Report and Analysis from 107 Bootstrapped Startups - moses1400
http://www.founderspeak.com/

======
habitatforus
It would have been nice to seen which startups were surveyed. I don't need to
know there answers, but it's great to know who else is trying to make this
work.

------
philgainley
hey guys..

yep, this is anonymous survey

I created different options for bootstrapping to see the participants
behavior, remember this is a general survey to see general responses

everyones approaches are different, the order is different depending on the
person

------
edw519
Maybe I'm a little mixed up, but OP and I must have very different definitions
of "bootstrapping". I am really confused by 3 of his graphs.

 _Support for start-ups_

    
    
      1. Savings              - 33%
      2. Savings + Consulting - 41%
      3. Consulting           - 15%
      4. Angel Investment     -  5%
      5. Friends & Family     - 15%
    

Category 1 sounds like they're true bootstrappers.
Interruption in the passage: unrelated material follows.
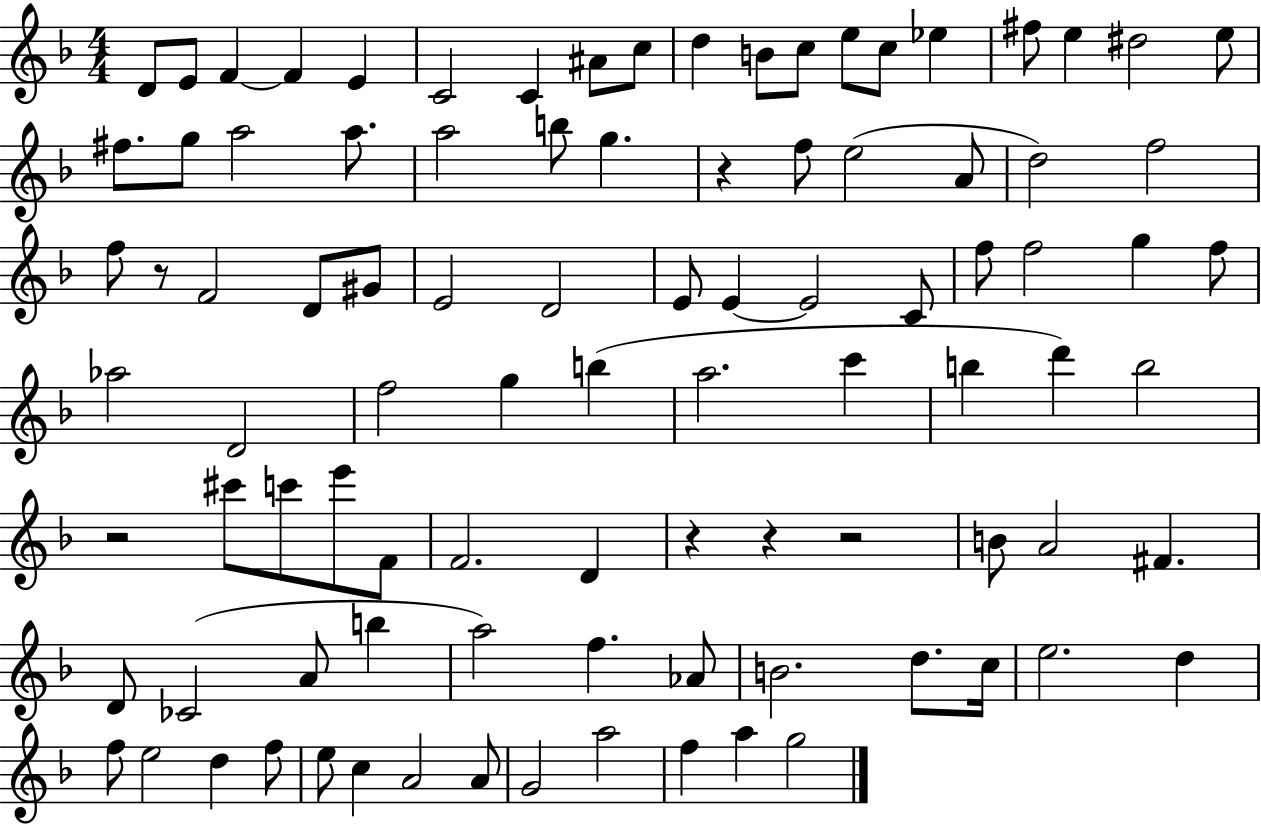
D4/e E4/e F4/q F4/q E4/q C4/h C4/q A#4/e C5/e D5/q B4/e C5/e E5/e C5/e Eb5/q F#5/e E5/q D#5/h E5/e F#5/e. G5/e A5/h A5/e. A5/h B5/e G5/q. R/q F5/e E5/h A4/e D5/h F5/h F5/e R/e F4/h D4/e G#4/e E4/h D4/h E4/e E4/q E4/h C4/e F5/e F5/h G5/q F5/e Ab5/h D4/h F5/h G5/q B5/q A5/h. C6/q B5/q D6/q B5/h R/h C#6/e C6/e E6/e F4/e F4/h. D4/q R/q R/q R/h B4/e A4/h F#4/q. D4/e CES4/h A4/e B5/q A5/h F5/q. Ab4/e B4/h. D5/e. C5/s E5/h. D5/q F5/e E5/h D5/q F5/e E5/e C5/q A4/h A4/e G4/h A5/h F5/q A5/q G5/h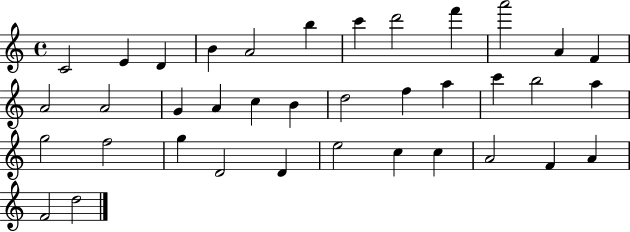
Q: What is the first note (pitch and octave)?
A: C4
Categories 2 and 3 sound
suspiciously like service businesses and side projects. Categories 4 and 5 are
not bootstrapped.

 _I define a start-up as having about 6 different stages I define them as
follows:_

    
    
      1. Early Stage Concept  -  7%
      2. Developing Prototype - 32%
      3. Pitching             - 13%
      4. Finish Prototype     - 15%
      5. Start Selling        - 29%
      6. Scale Up             -  8%
    

Why isn't "Start Selling" first? Better yet, why isn't "Find Out What People
Want and Will Pay For" first? Why are so many people building stuff that may
not even be wanted?

Why not:

    
    
      1. Find Out What People Want
      2. Show Them a Prototype
      3. Collect Deposits
      4. Build It
      5. Find Other Instances of Those People and Convert Them
    
    

_What is holding you back?_

    
    
      1. Prototype not ready             - 28%
      2. Prototype needs to change       -  9%
      3. Can't find customers            -  9%
      4. Not enough time (consulting)    - 12%
      5. Need cash injection to scale up - 37%
      

It sounds like most of the companies either (a) haven't sold anything or (b)
haven't sold enough to keep bootstrapping. Are these start-ups or are these
side projects?

I wonder how many of the 107 companies raised the same questions I did.
_That's_ something I'd really like to know.